Dra. Rachel Naomi Remen em “Histórias que Curam”.

A Dra. Naomi, logo a seguir, no capítulo “Liberdade” diz mais:

“Os budistas falam sobre o samsara, o mundo da ilusão. É o lugar onde vive a maioria de nós. Dizem que confundir a ilusão com a realidade é a causa fundamental de nossos sofrimentos.”

Deixar a Matrix não é fácil. Se me pedissem para sintetizar a mensagem do evangelho, diria sem medo de errar, Jesus ensinou como voltar à realidade de todas as formas possíveis. Se olharmos por outro lado, ele tinha consciência plena do fato de estarmos vivendo no mundo do faz de conta, a ilusão, a utopia, as sombras nas paredes da gruta.

Gosto da frase dita por Dom Corleone II, na pele de Al Patino, referindo-se à Máfia: “Quando penso estar saindo, eles me puxam de volta com todas as forças.” A sapiência sacerdotal pós moderna diz a todos os imprudentes desejosos de abandonar o país das maravilhas o quanto é importante preservar a ilusão. E o fazem usando frases bíblicas: “Eu vim para os doentes.” E tome missão integral, total, na integra, da libertação, etc.

Pessoal faz manutenção da ilusão. Somos um grande bando de São Tomés. Só acreditamos naquilo que vemos. Arre égua!
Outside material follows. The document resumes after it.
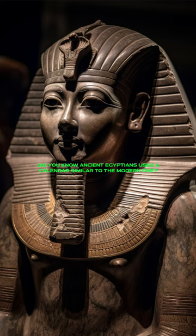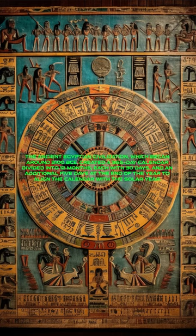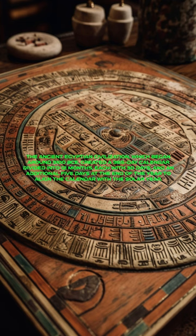Did you know ancient Egyptians used a calendar similar to the modern one? The ancient Egyptian civilization, which began around 3100 BCE, created a 365-day calendar divided into 12 months, each with 30 days, and an additional 5 days at the end of the year to align the calendar with the solar year.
Só tem um pequeno detalhe, o mundo espiritual não pode ser visto com os olhos desse corpo. Para tanto, precisaremos desenvolver a visão espiritual. Nesse caso, pasmem, não veremos a doença, as dores e nem mesmo a morte. Veremos o que há por trás de tudo isso.
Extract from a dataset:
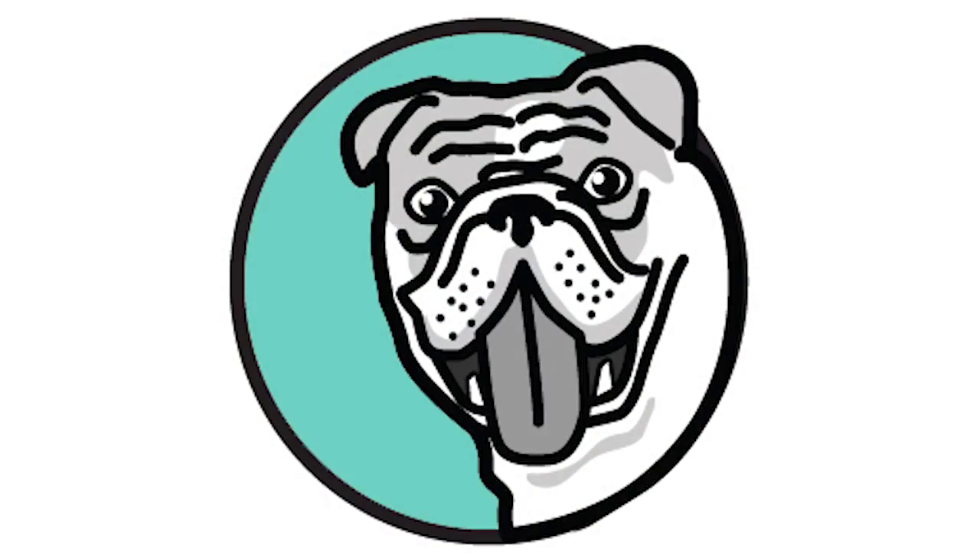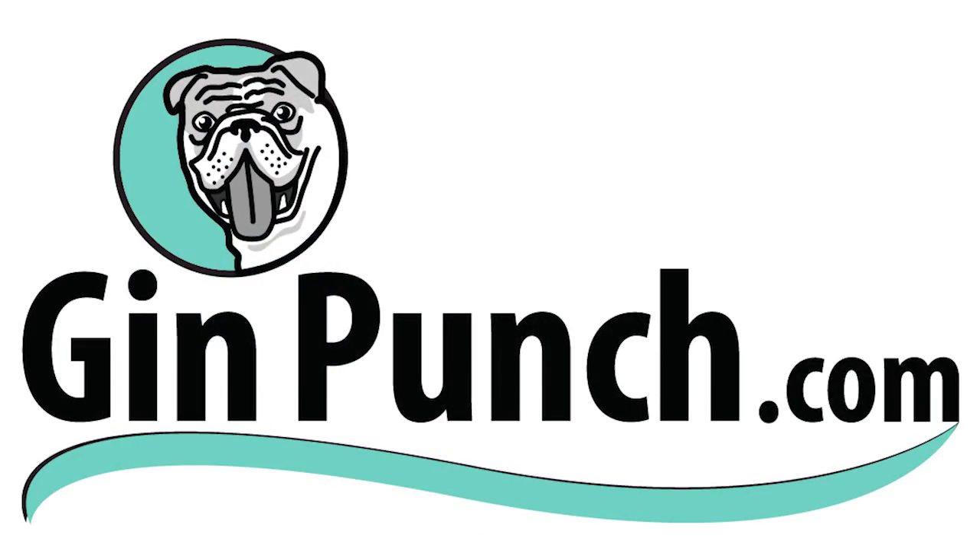We're here at my micro distillery for Half Hits Gin here in West Yard in Camden Lock, London, and we're here today with GinPunch.com. I worked in the spirits industry for 16 years.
Quando não conseguimos ver além do mundo de Alice e suas maravilhas, não deve haver desespero e muito menos angústia. Ao contrário, essa não-visão enseja a possibilidade de buscarmos o melhor, o Reino de Deus, o perfeito. Depois é domínio próprio e ver todas as outras coisas acrescentadas, não por elas mesmas, mas por sabermos, de fato, o valor das coisas.
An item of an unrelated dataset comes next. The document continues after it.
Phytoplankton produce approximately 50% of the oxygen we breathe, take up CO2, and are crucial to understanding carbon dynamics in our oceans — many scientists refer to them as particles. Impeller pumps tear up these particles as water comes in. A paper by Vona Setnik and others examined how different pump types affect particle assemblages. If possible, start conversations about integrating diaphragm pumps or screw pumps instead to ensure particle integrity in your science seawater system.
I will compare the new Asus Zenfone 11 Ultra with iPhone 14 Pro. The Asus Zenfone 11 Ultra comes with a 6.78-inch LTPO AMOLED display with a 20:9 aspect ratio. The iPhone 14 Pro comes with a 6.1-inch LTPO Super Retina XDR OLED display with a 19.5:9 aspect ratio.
Será necessário alguma fé, mesmo uma bem pequeninha. De tal forma a permitir a possibilidade de ver algo além daquilo que vemos. Com isso poderemos buscar essa visão, sair da gruta para ver o que há lá fora e voltar para mostrar aos outros que há vida após a morte e um Deus pairando sobre o universo.